Daniele Di Girolamo, Inerte, 2015, video, 1’17”, loop, courtesy the artist

Questo articolo è disponibile anche in: Italiano

The younger generations have always been asked to imagine tomorrow. Where the fatigue of a life already partly lived leads to an individual retreat of one’s expectations, the vision of what the future has in store for the community seems, by necessity, the prerogative of a fresh look – a more confident one, perhaps the product of a dream, and ideally prophetic.

What the future holds for us is the fundamental question that echoes through in the collective exhibition Dopodomani, organised by the Quadriennale di Romaon the grounds of the Baths of Diocletian to mark the first edition of its festival Quorum. It is difficult to say what the answers might be. But it is possible to put forward some considerations, relating to the selection of works and artists invited on this occasion, to highlight the possible lines of research that attempt to anticipate the moods of the time to come.

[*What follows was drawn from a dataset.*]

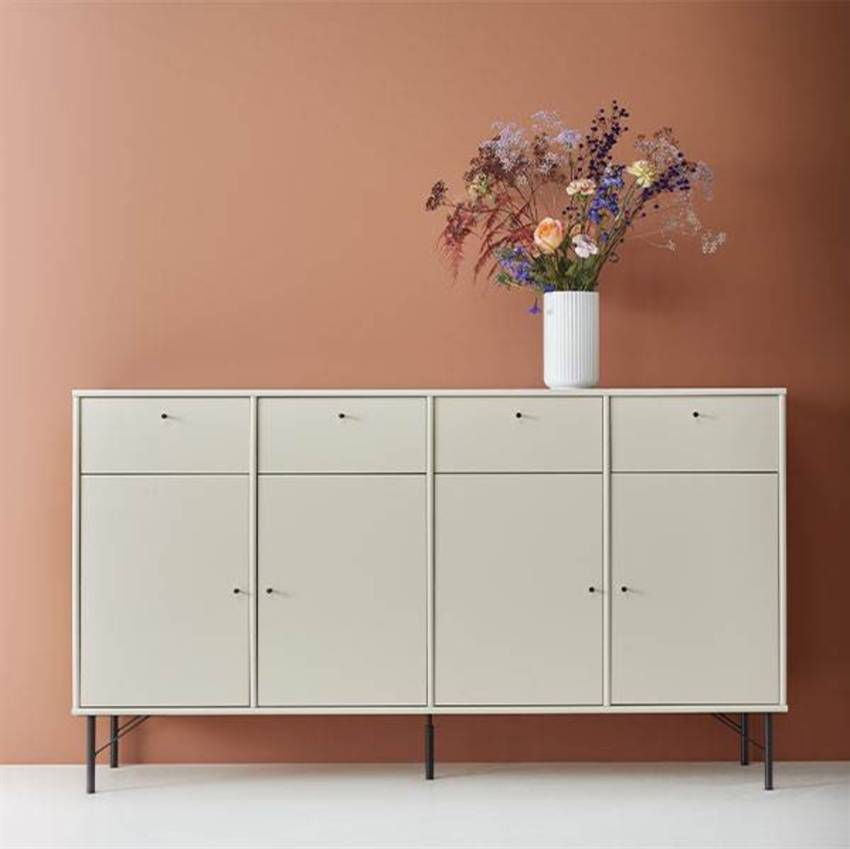 Mistral - Høj beige skænk m. sorte ben | Møbelsalg.dk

Firstly, the exhibition venue, the Baths of Diocletian, inevitably draws comparisons with the presence of the past and with archeology: although in a fragmented state, these structures are still able to transmit grandeur and monumentality. They do so as a form of celebration of the present in which they were conceived and created, but above all as a projection into the future which we inhabit today. Embracing the concept of unmonumental that was already explored in the renowned inaugural exhibition at the New Museum of Contemporary Art in New York in 2007,[1] contemporary artistic production seems not to embrace any unconditional impulse towards the future but rather to point the finger at the precariousness of the present. And if even the present is precarious, how can we focus on what comes next?

In an article published in this magazine, which later became an essay and an exhibition,[2] I had the chance to focus on how one possible glimpse into the future foresees the creation of artefacts, an ‘archeology of the future’ that uses the aesthetics of discovery to predict the life and the society that lay ahead of us. Even when this direction does not take such an immediately recognisable form, some key concepts survive that turn into unstable, ephemeral, incomplete forms. It is as if the uncertainty principle examined by Zygmunt Bauman, the precariousness highlighted by Judith Butler, the flexibility theory identified by Richard Sennett and the fragility traced by Leonardo Caffo[3] came together to form an aesthetic outcome that makes all these aspects its own. An idea of transience devoid of heroic optimism to which, however, there is an attempt to instill a touch of resistance.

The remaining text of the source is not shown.